The data below should be restated word for word, pictures omitted.

━━━━━━━━━━━━━━━━

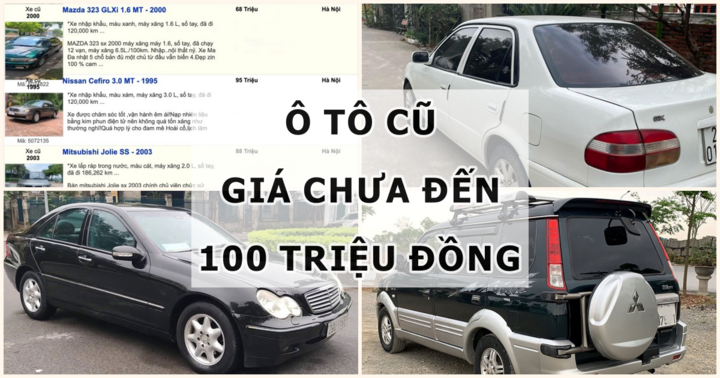 Điểm tên những mẫu ô tô cũ giá chưa đến 100 triệu đồng che nắng, mưa lại cực bền đẹp
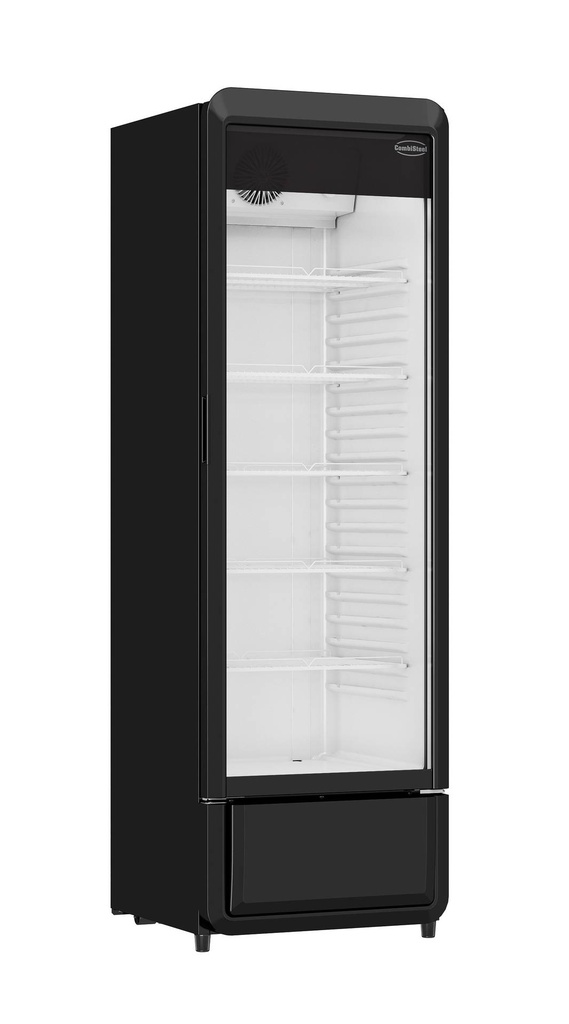 Kühlschrank 1, 540 x 560 x 1725 mm, 258 L, schwarz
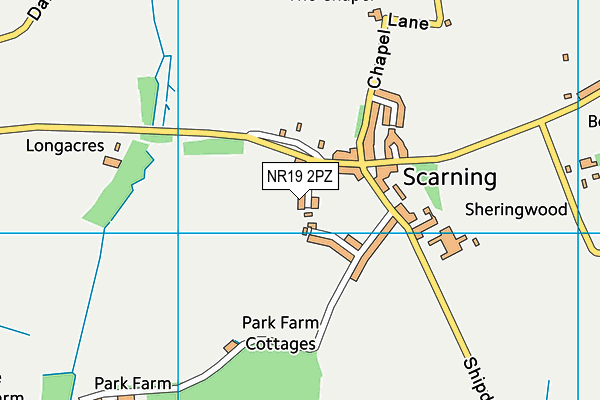 NR19 2PZ map - OS VectorMap District (Ordnance Survey)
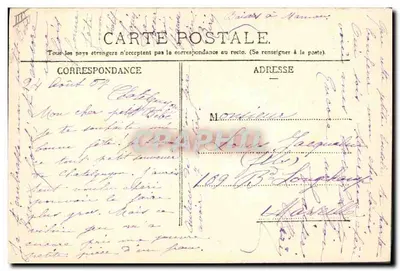 Souvenir d'Auvergne — L'Hirondelle-Parigi, Depositato — Verso
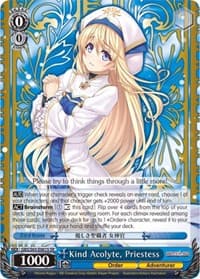 Kind Acolyte, Priestess (SR) - Goblin Slayer - Weiss Schwarz card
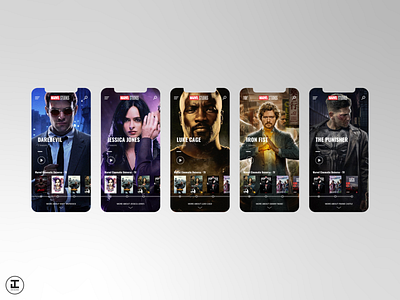 MCU App Concept: Netflix Marvel Shows - The Defenders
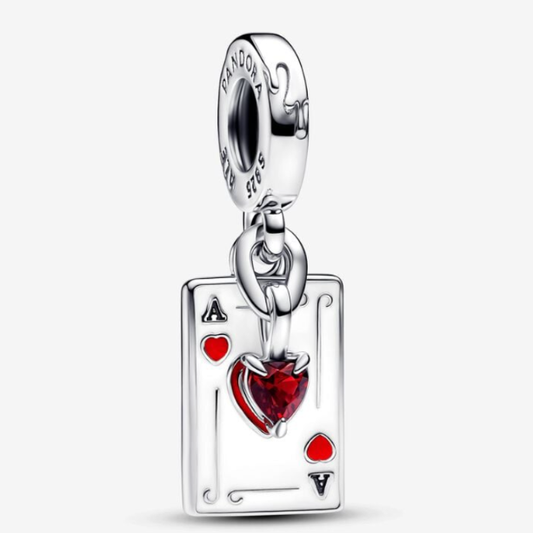 Disney Villains Queen of Hearts Double Dangle Charm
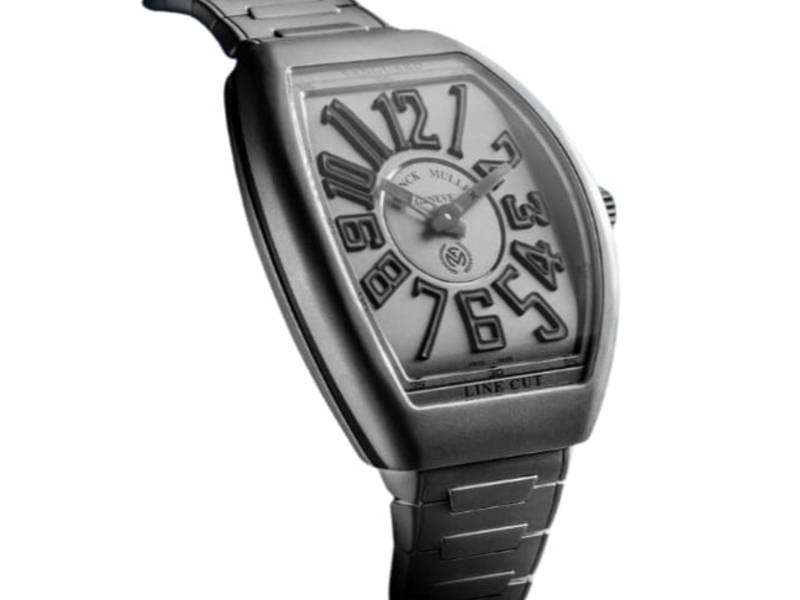 AUTOMATIC MEN'S WATCH TITANIUM/TITANIUM VANGUARD LINE CUT FRANCK MULLER V41 S AT REL LINE CUT TT MC NR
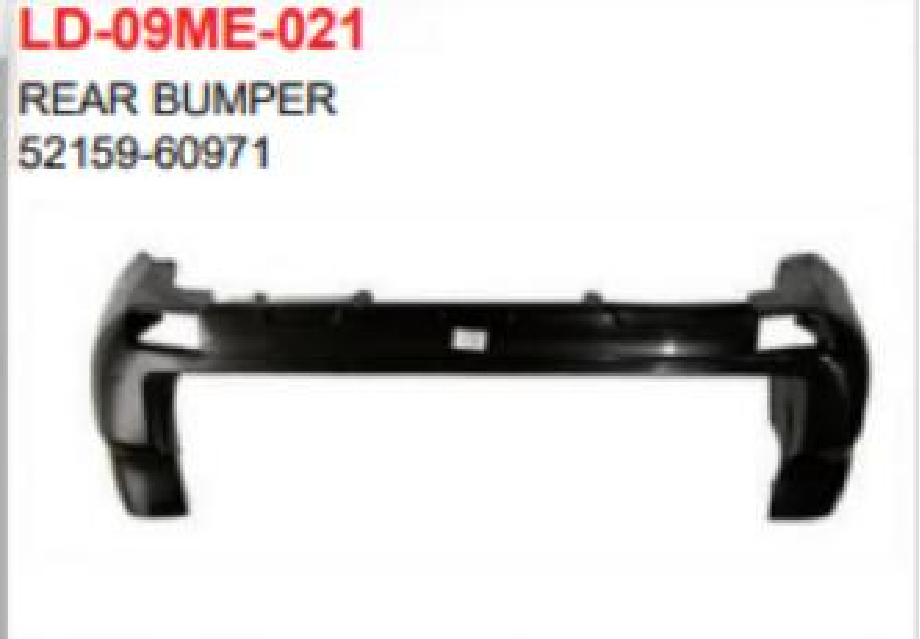 Rear Bumper TY1260190 for 丰田 Toyota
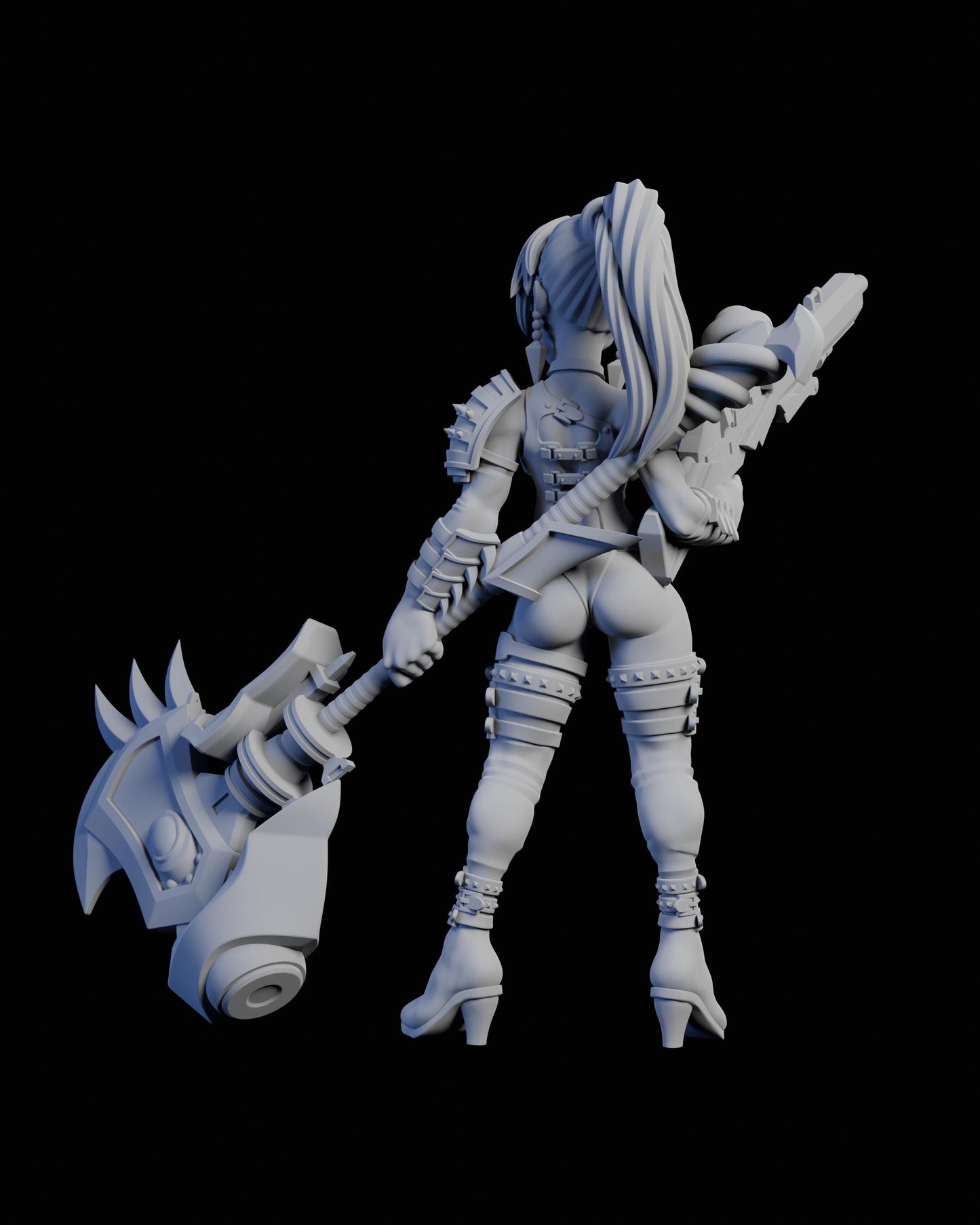 Fiend Hunter Miniature - 28mm / 32mm / 36mm / 75mm - Ethan Savage Studios - Unpainted Resin Printed Figure for TTRPGs, and Board Games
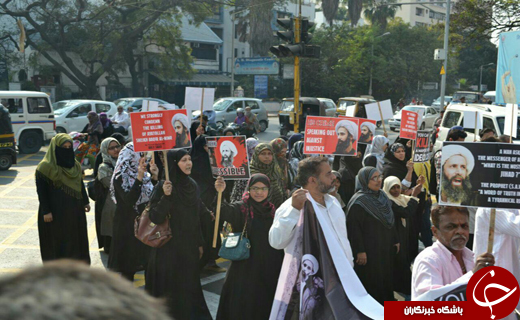 اعدام شیخ نمر مسلمانان هند را به خیابان&zwnj;ها کشاند + تصاویر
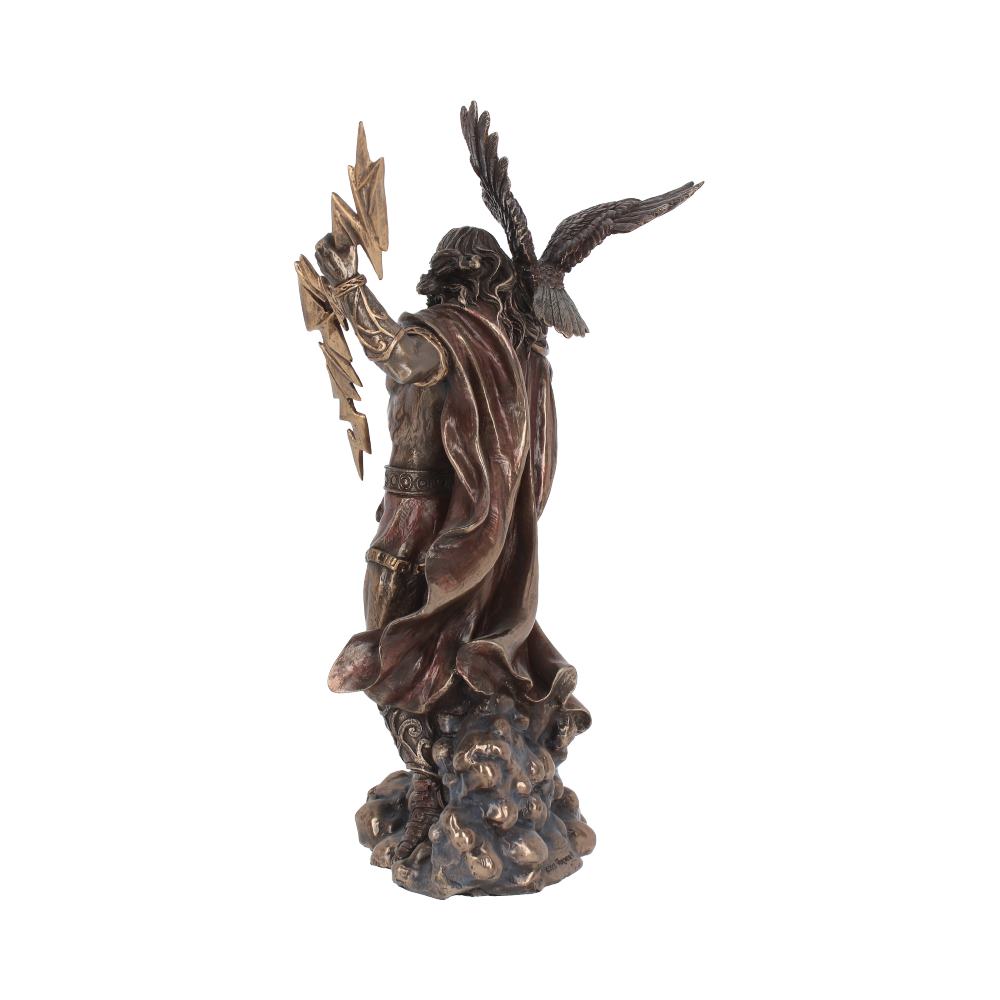 Bronzed Zeus King Of The Greek Gods 30cm: 4 - Figures & Collectables By Gift Moments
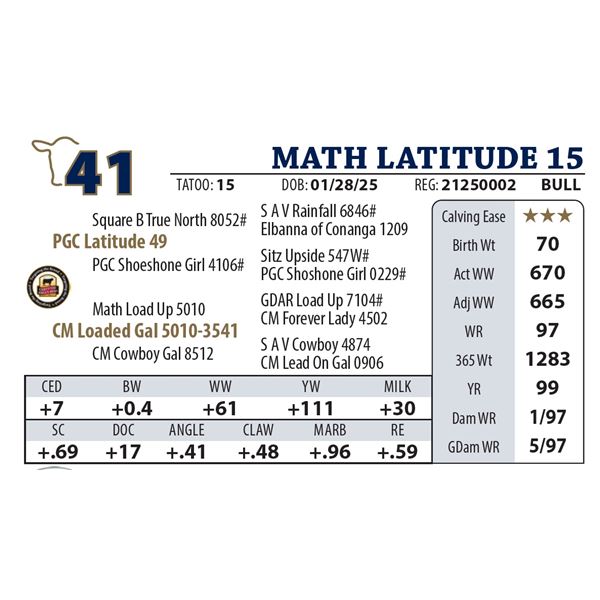 MATH LATITUDE 15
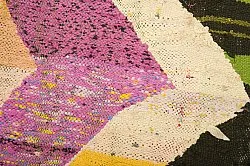 Marokkanischer Berber Teppich Boucherouite 145 x 290 cm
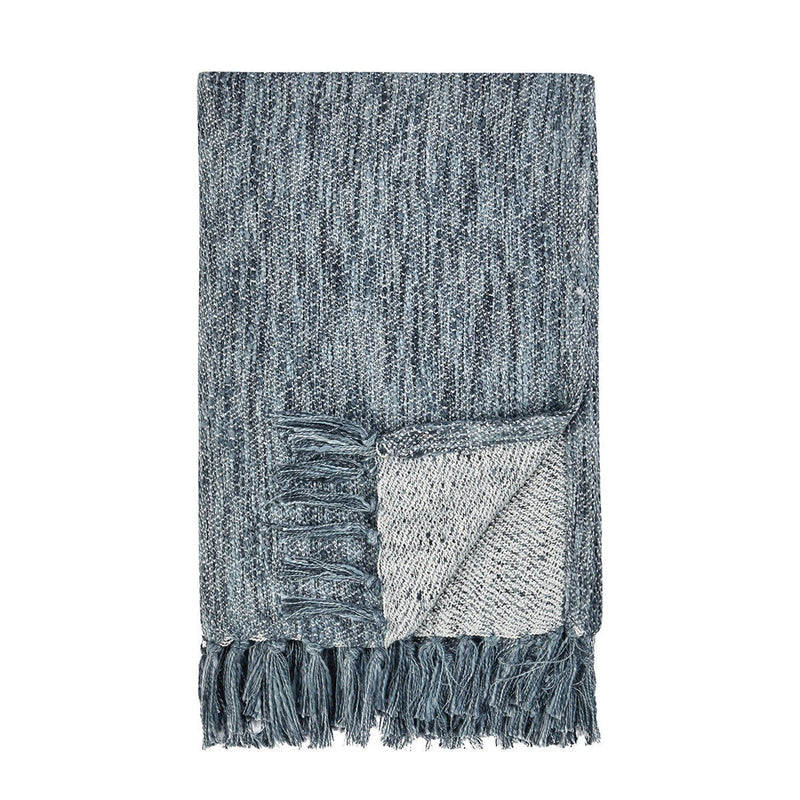 Throws - TC Sharma Throw - Denim Blue - JaxCo Furniture
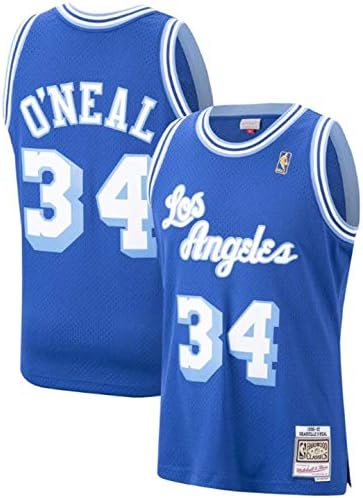 Shaquille O'Neal Los Angeles Lakers masculino de 1996 Jersey Blue Swingman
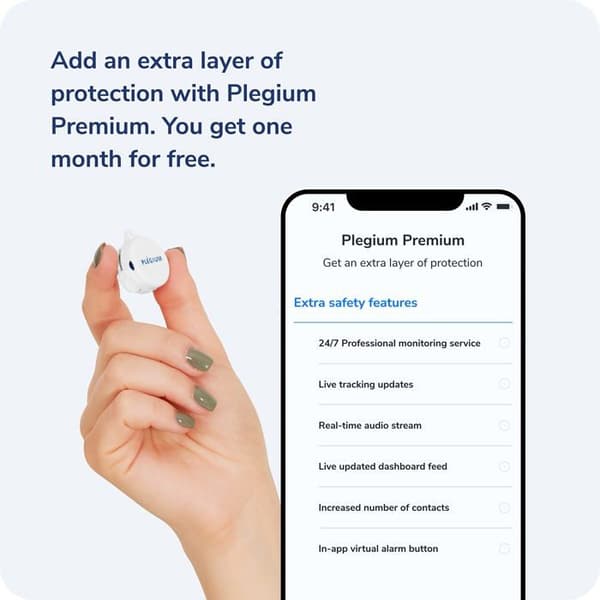 Trådlöst nödsystem - larmsklocka - Plegium-tillbehör - SEBW-WH - Smart bärbar nödbutton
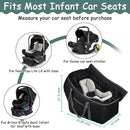 Infant Car Seat Travel Bag Fit Nuna Pipa All Model Car Seat and Base, Fit Doona Baby Stroller, Padded Car Seat Bags for Air Travel, Gate Check Bag with Side Pocket, 5 Protective Feet, Storage Bag by TinyTreasures Baby Boutique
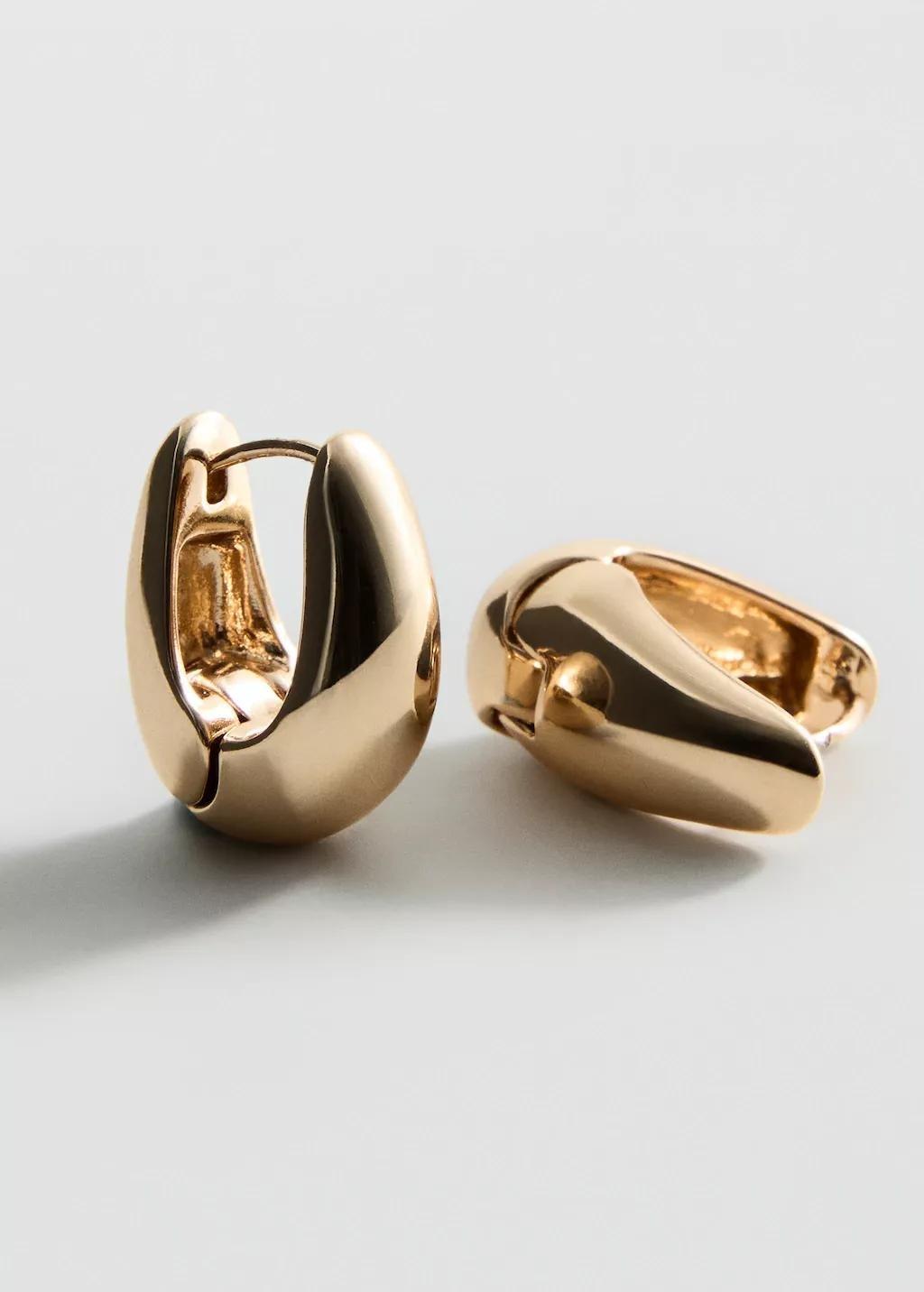 Gold Volume Hoop Earrings, 0201_OR, large image number 0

━━━━━━━━━━━━━━━━

Task solution »
 Điểm tên những mẫu ô tô cũ giá chưa đến 100 triệu đồng che nắng, mưa lại cực bền đẹp
 Kühlschrank 1, 540 x 560 x 1725 mm, 258 L, schwarz
 NR19 2PZ map - OS VectorMap District (Ordnance Survey)
 Souvenir d'Auvergne — L'Hirondelle-Parigi, Depositato — Verso
 Kind Acolyte, Priestess (SR) - Goblin Slayer - Weiss Schwarz card
 MCU App Concept: Netflix Marvel Shows - The Defenders
 Disney Villains Queen of Hearts Double Dangle Charm
 AUTOMATIC MEN'S WATCH TITANIUM/TITANIUM VANGUARD LINE CUT FRANCK MULLER V41 S AT REL LINE CUT TT MC NR
 Rear Bumper TY1260190 for 丰田 Toyota
 Fiend Hunter Miniature - 28mm / 32mm / 36mm / 75mm - Ethan Savage Studios - Unpainted Resin Printed Figure for TTRPGs, and Board Games
 اعدام شیخ نمر مسلمانان هند را به خیابان&zwnj;ها کشاند + تصاویر
 Bronzed Zeus King Of The Greek Gods 30cm: 4 - Figures & Collectables By Gift Moments
 MATH LATITUDE 15
 Marokkanischer Berber Teppich Boucherouite 145 x 290 cm
 Throws - TC Sharma Throw - Denim Blue - JaxCo Furniture
 Shaquille O'Neal Los Angeles Lakers masculino de 1996 Jersey Blue Swingman
 Trådlöst nödsystem - larmsklocka - Plegium-tillbehör - SEBW-WH - Smart bärbar nödbutton
 Infant Car Seat Travel Bag Fit Nuna Pipa All Model Car Seat and Base, Fit Doona Baby Stroller, Padded Car Seat Bags for Air Travel, Gate Check Bag with Side Pocket, 5 Protective Feet, Storage Bag by TinyTreasures Baby Boutique
 Gold Volume Hoop Earrings, 0201_OR, large image number 0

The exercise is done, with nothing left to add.